Every line below from the one containing "ZARA KIDS(ザラキッズ)のZARA kids" through the one containing "O’Neill Salt Water Solids Macrame Swimsuit" is to be printed exactly, with the pictures omitted.

(Short descriptive text snippets)
*** Block opens ***
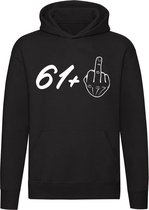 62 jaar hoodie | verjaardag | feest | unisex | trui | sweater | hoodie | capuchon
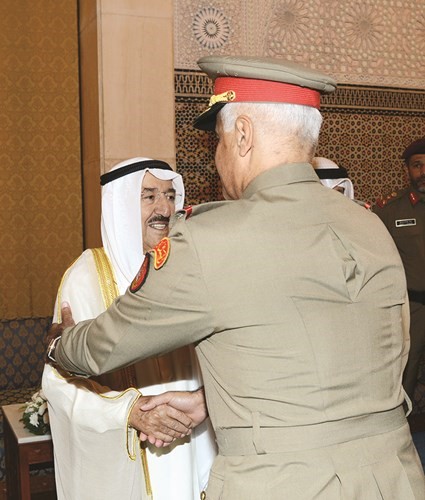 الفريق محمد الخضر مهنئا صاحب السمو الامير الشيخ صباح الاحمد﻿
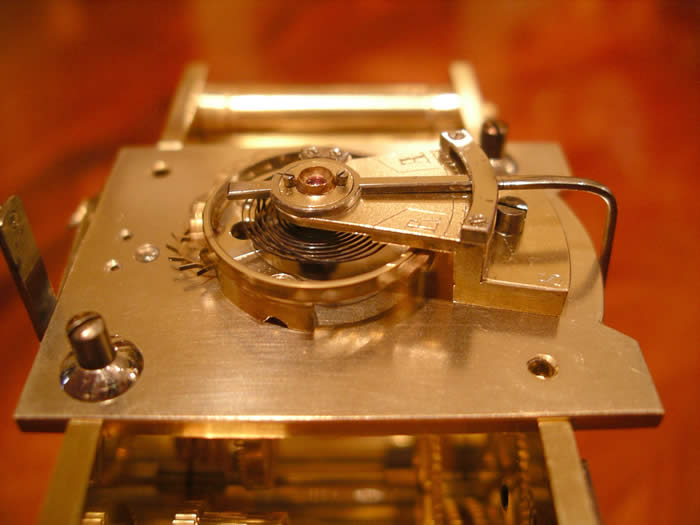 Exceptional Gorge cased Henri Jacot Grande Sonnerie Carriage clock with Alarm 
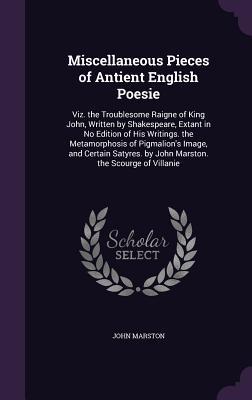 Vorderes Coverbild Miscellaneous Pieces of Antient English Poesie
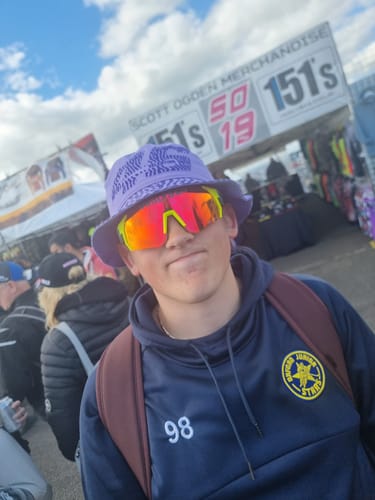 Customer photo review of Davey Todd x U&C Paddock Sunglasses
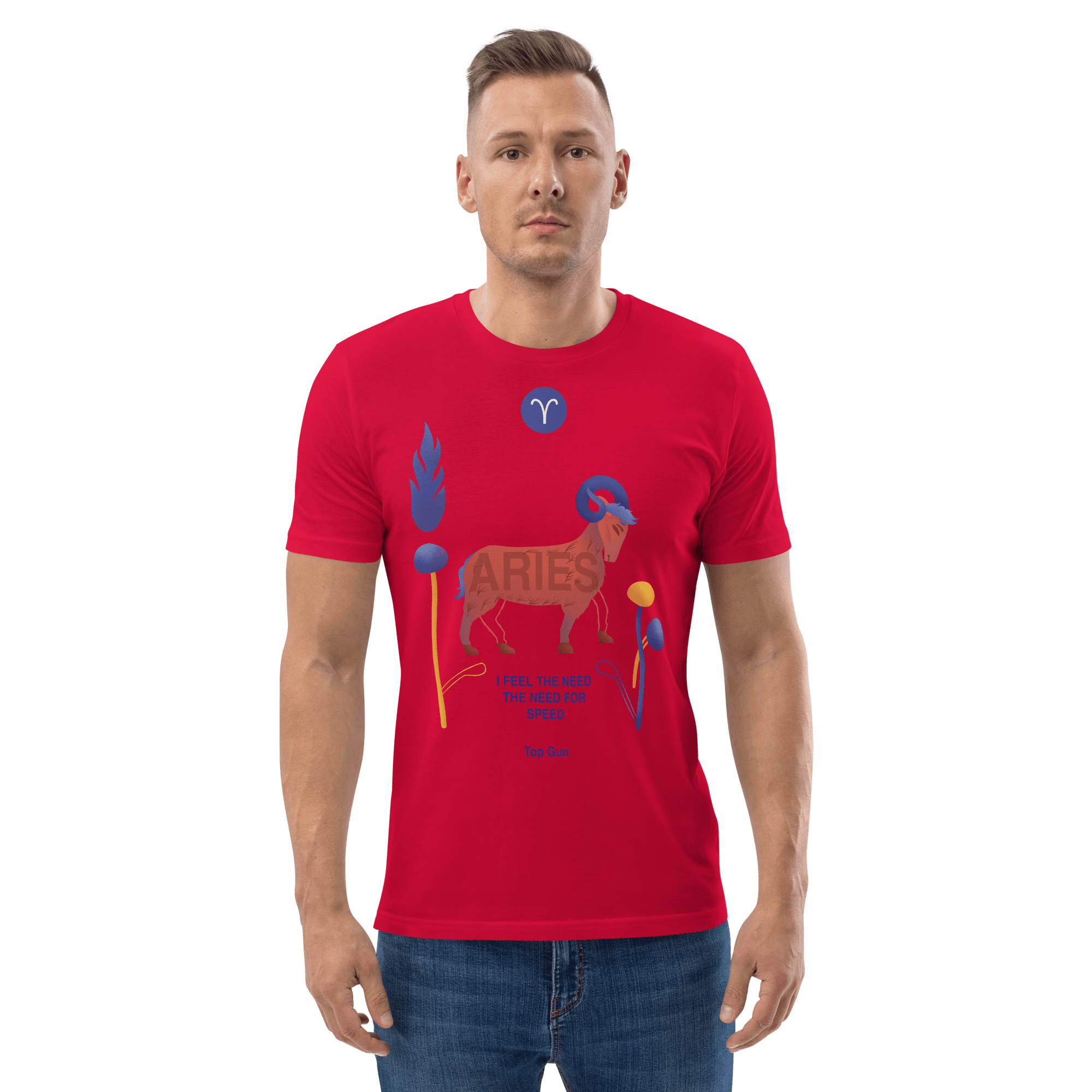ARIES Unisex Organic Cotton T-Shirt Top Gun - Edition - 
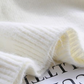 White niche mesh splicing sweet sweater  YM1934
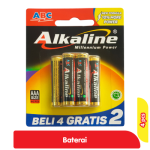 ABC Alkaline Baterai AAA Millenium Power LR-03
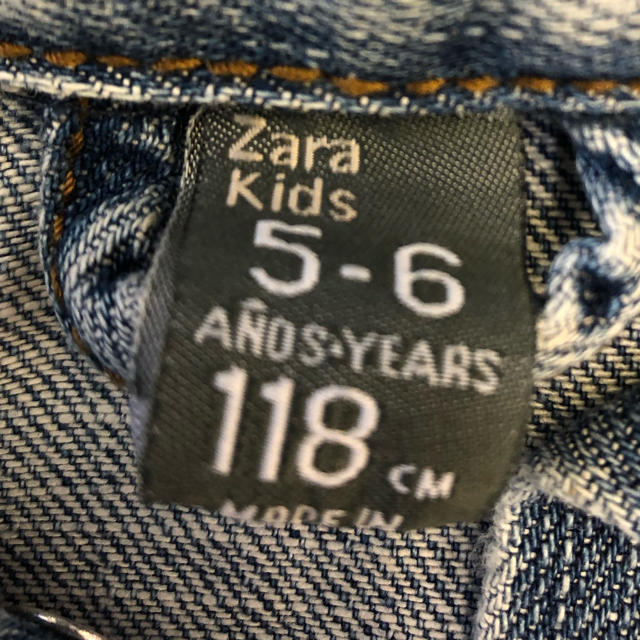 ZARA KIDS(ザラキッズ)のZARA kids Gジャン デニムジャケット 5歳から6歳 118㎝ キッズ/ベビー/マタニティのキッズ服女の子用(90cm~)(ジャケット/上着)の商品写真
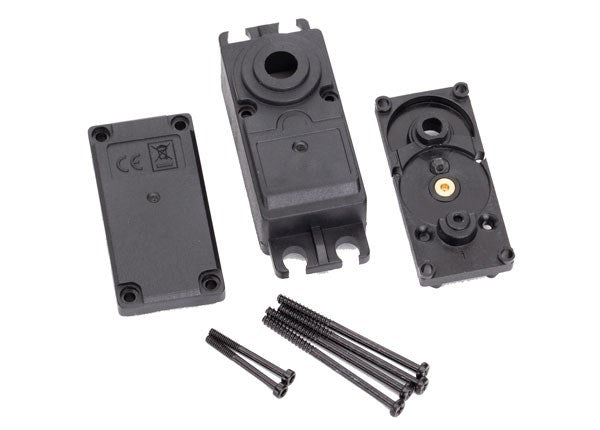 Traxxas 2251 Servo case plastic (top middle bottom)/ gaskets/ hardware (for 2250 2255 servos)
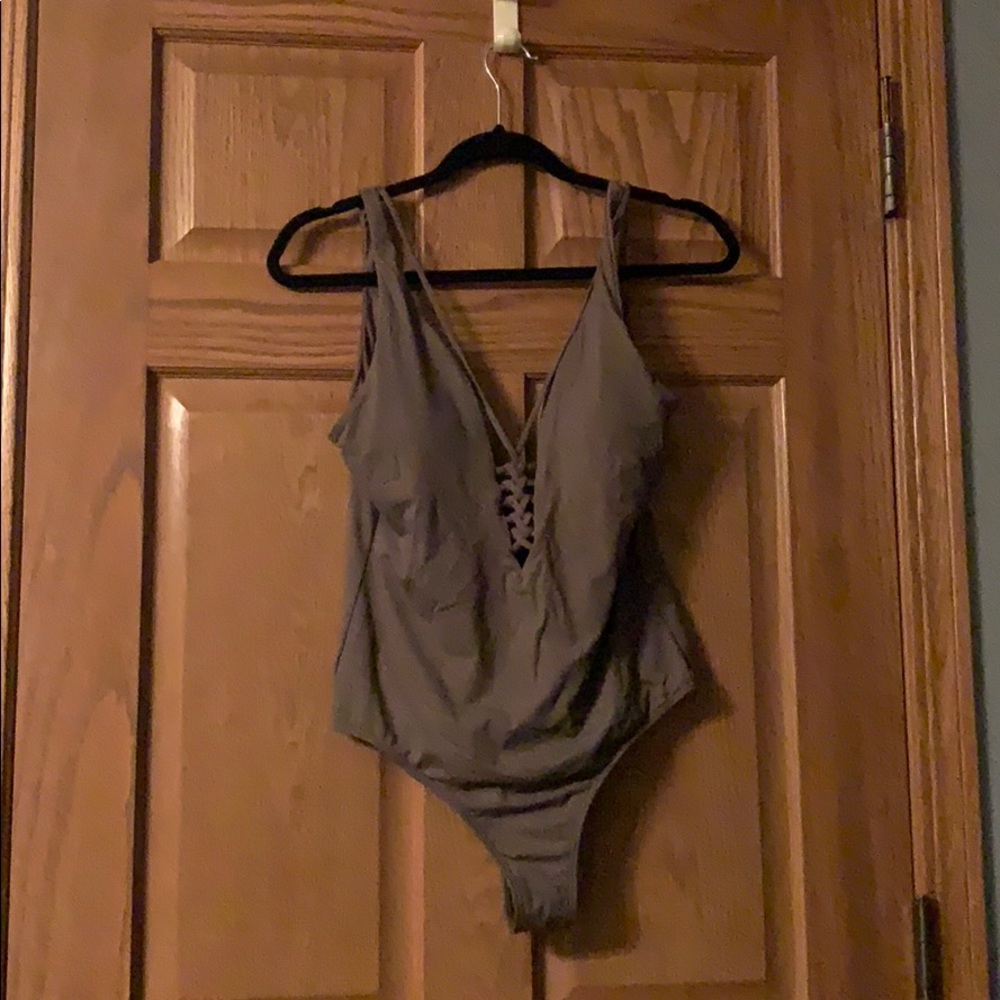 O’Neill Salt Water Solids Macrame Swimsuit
*** Block closes ***
*** Block opens ***
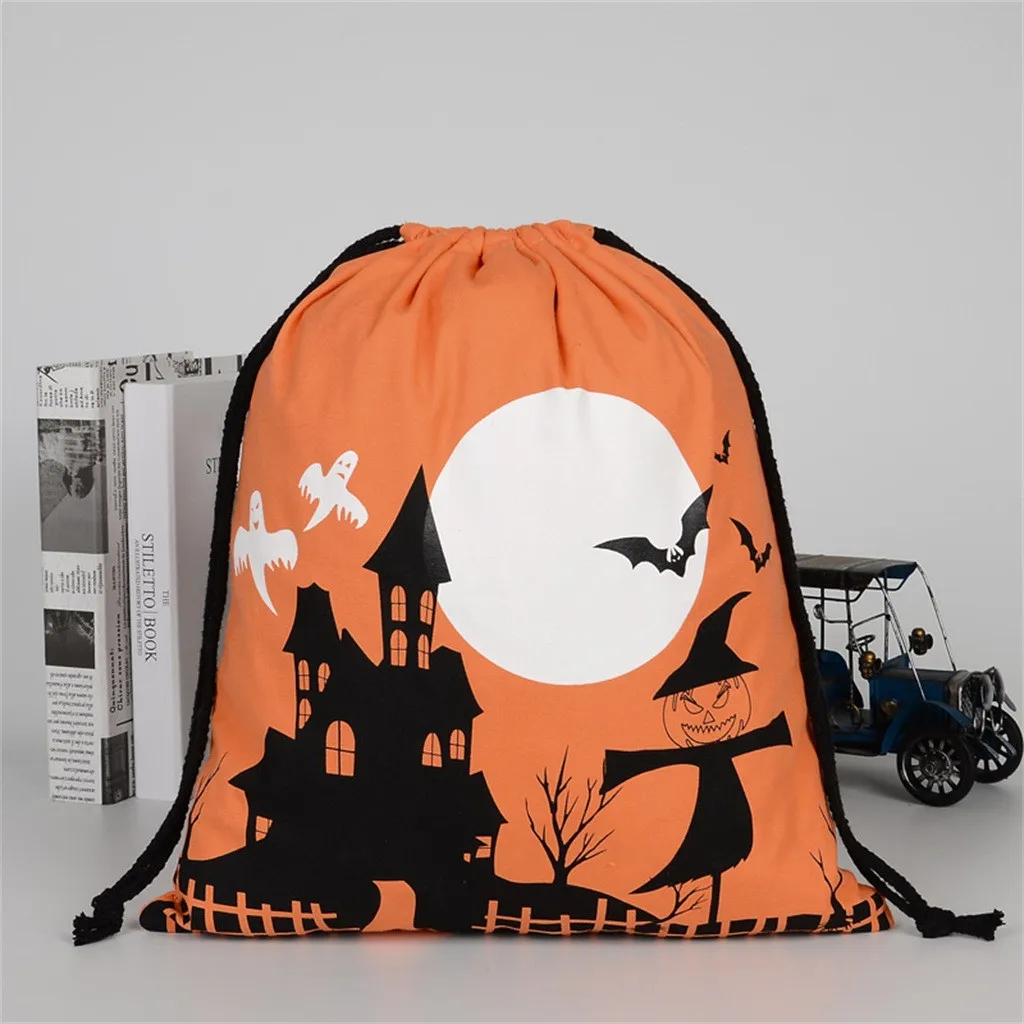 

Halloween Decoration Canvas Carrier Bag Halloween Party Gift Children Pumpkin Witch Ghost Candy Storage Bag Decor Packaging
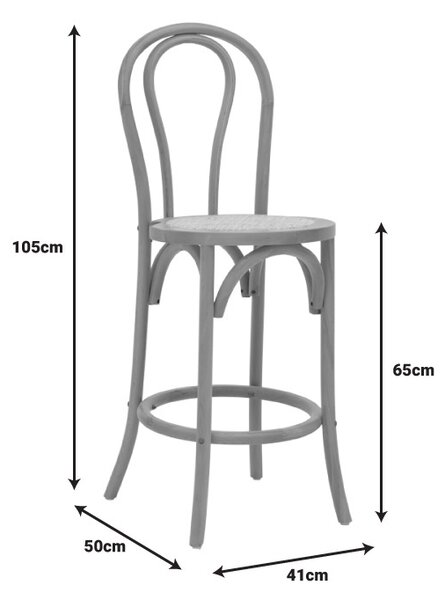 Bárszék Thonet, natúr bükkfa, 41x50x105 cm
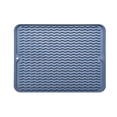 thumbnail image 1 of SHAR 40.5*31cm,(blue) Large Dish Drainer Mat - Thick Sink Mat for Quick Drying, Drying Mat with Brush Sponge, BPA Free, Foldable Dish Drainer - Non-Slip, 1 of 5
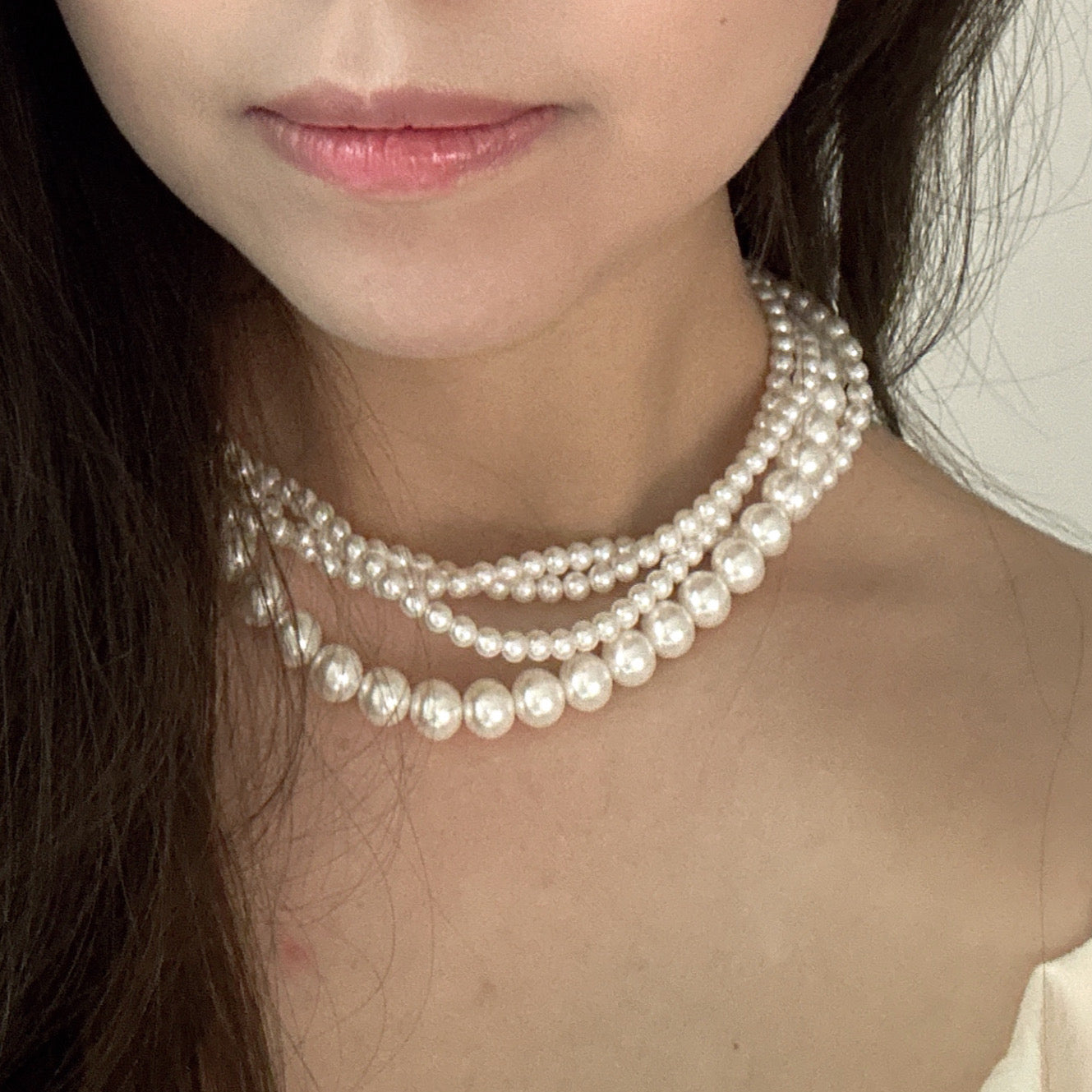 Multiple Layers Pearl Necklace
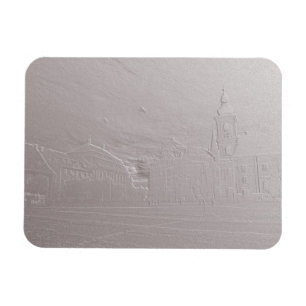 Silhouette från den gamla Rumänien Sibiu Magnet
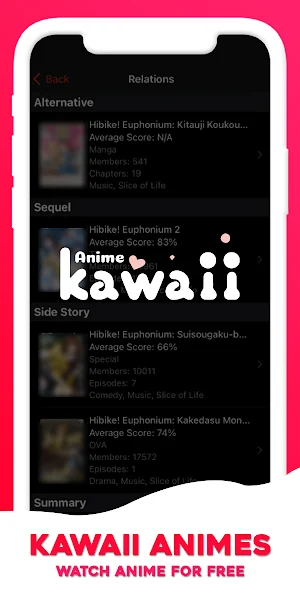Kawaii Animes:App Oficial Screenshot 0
*** Block closes ***
* OUTPUT
 ZARA KIDS(ザラキッズ)のZARA kids Gジャン デニムジャケット 5歳から6歳 118㎝ キッズ/ベビー/マタニティのキッズ服女の子用(90cm~)(ジャケット/上着)の商品写真
 Traxxas 2251 Servo case plastic (top middle bottom)/ gaskets/ hardware (for 2250 2255 servos)
 O’Neill Salt Water Solids Macrame Swimsuit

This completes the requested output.